"Members of the jury," said Judge Mann, "your attention, please. I have just been talking on the telephone with Dr. Garcia at St. Michael's Hospital, where Mr. Judd was taken after his collapse this morning when he had finished testifying." (Talking-to-Edith, compare ignorance to an unplowed field.) "It was a heart attack, as you probably realized, and the outlook for him may not be good. In Dr. Garcia's opinion, Mr. Judd's condition has probably been developing for quite a long time." (The soil itself is ready, indifferent, to produce flowers, nice fat potatoes, or stinking weeds.) "The attack occurred, please remember, when his testimony was done. Legally the situation is this: Mr. Judd's collapse has no bearing on the case you must deal with. He had completed what he had to say; Mr. Hunter had announced he didn't intend to make a redirect examination. During this long noon recess I have talked with both counsel; neither side felt there would have been any occasion to recall Mr. Judd. While he testified, I think you'll agree, Mr. Judd was in full command of his faculties, so far as anyone can tell. Give his testimony the same weight, no more and no less, that you would if his breakdown had not happened; simply try to shut it out of your minds. To my certain knowledge, neither counsel was aware of the bad state of Mr. Judd's health. Both counsel believed him as well able to stand the emotional strain of giving testimony as any other witness. Mr. Judd undoubtedly believed this himself. Dr. Garcia tells me Mr. Judd had neglected medical attention for a long time and was unaware of his heart weakness. I charge you now, and will again: remember this thing happened outside of the trial."
The Judge was laboring, Callista understood, laboring too much perhaps, to defend Cecil Warner and through Warner herself, against the chill poison of unspoken words, illogical notions. If Nathaniel Judd died, no one would blame Mr. Hunter for summoning him, but many would recall Cecil Warner's words: "If you do not understand that question, I have no others." For certain minds it would be no strain to argue: Judd died, therefore the Blake girl is guilty.

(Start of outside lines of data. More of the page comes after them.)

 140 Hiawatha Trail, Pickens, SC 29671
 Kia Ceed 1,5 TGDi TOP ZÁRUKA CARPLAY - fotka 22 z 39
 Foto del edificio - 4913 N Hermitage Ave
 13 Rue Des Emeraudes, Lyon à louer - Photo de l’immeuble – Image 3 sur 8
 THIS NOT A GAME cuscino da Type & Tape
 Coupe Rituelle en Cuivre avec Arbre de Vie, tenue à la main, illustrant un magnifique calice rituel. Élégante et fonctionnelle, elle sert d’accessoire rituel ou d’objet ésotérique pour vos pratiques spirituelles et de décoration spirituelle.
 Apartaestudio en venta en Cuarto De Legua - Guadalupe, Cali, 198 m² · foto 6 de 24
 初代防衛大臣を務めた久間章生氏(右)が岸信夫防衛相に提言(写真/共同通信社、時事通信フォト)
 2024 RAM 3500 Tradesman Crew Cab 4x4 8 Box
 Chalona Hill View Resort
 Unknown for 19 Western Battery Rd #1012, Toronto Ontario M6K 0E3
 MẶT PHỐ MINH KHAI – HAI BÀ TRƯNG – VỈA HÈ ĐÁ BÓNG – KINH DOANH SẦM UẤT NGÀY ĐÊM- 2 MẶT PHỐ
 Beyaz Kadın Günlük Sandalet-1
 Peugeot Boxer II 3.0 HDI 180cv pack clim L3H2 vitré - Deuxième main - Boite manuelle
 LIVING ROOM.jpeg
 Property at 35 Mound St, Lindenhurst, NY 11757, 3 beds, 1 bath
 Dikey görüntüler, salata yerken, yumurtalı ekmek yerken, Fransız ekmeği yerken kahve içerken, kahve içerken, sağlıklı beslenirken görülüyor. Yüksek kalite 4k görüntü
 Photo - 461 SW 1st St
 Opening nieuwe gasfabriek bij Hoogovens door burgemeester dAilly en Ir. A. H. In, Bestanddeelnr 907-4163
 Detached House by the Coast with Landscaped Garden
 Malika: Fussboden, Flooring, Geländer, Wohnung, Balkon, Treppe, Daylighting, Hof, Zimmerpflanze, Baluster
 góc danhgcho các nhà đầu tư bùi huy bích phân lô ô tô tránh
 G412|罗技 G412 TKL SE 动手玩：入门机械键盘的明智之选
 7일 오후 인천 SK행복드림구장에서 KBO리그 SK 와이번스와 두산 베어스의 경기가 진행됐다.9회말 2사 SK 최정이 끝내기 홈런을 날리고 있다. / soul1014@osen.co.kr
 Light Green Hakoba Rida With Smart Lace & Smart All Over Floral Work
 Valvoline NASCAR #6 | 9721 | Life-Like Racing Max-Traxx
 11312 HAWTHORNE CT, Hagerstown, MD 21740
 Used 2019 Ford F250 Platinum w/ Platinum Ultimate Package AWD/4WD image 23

It could be true that Warner's words might have helped to topple old Judd, by making Judd sense for an instant some failure of charity and of perception in himself. Ill, embarrassed, he might not have rallied self-justifications quickly enough, so Warner's words might have caused a brief stab of conscience, enough to send him over the edge. But if he dies the chief fault is mine. I am guilty. To live is to destroy—true or false? I am small; my only real quarrel with Hunter is that if he has his way I shall never grow. How stubborn the life that can't desire to die!
Last August she had desired it, or thought she had, until a moment of that Saturday night, on the stairs, her mother weeping in a room left behind, her mind visited strangely by Victoria's grandchild the Funny Thing. She had begun to desire death earlier—in July, after Jim's letter, the only one he ever wrote. Stilted, timid; needless doubletalk; the awkwardness and misspelled words not endearing or funny but rather shocking, evidence of the blindness of her love.
I will not say part of me died when I read that dismal thing. We die and regenerate with every breath. All that happened (I-would-say-to-Edith) was that my journey had taken me beyond the region where I met Jimmy and learned some aspects (not all) of a passion called love.
Notice also (am-I-still-talking-to-Edith?) how the laughing-crying devil-angel that Jimmy woke up in me has not died, but rouses me even in the prison night, stinking bare-light-bulb night, starved for the pressure, the almost-anger, furious crescendo, meteoric release. Oh, in an enlightened society I could have been a splendid high-class whore!
"You may call your next witness, Mr. Hunter."
"Sergeant Lloyd Rankin!"
Callista heard Cecil Warner's short involuntary sigh, felt his hostile stiffening and alertness. Detective Sergeant Lloyd Rankin of the Winchester Police came down the aisle and held up a flat hand for the oath, the slab-faced sober man. His gray hair under the cold light glinted like dull steel, his eyes a lighter gray but opaque, oyster gray. Draw him as a bulldozer—Cecil might like it. She ran her fingers softly over the wrinkled hand, lifted away the idle pencil and drew his scratch pad toward her.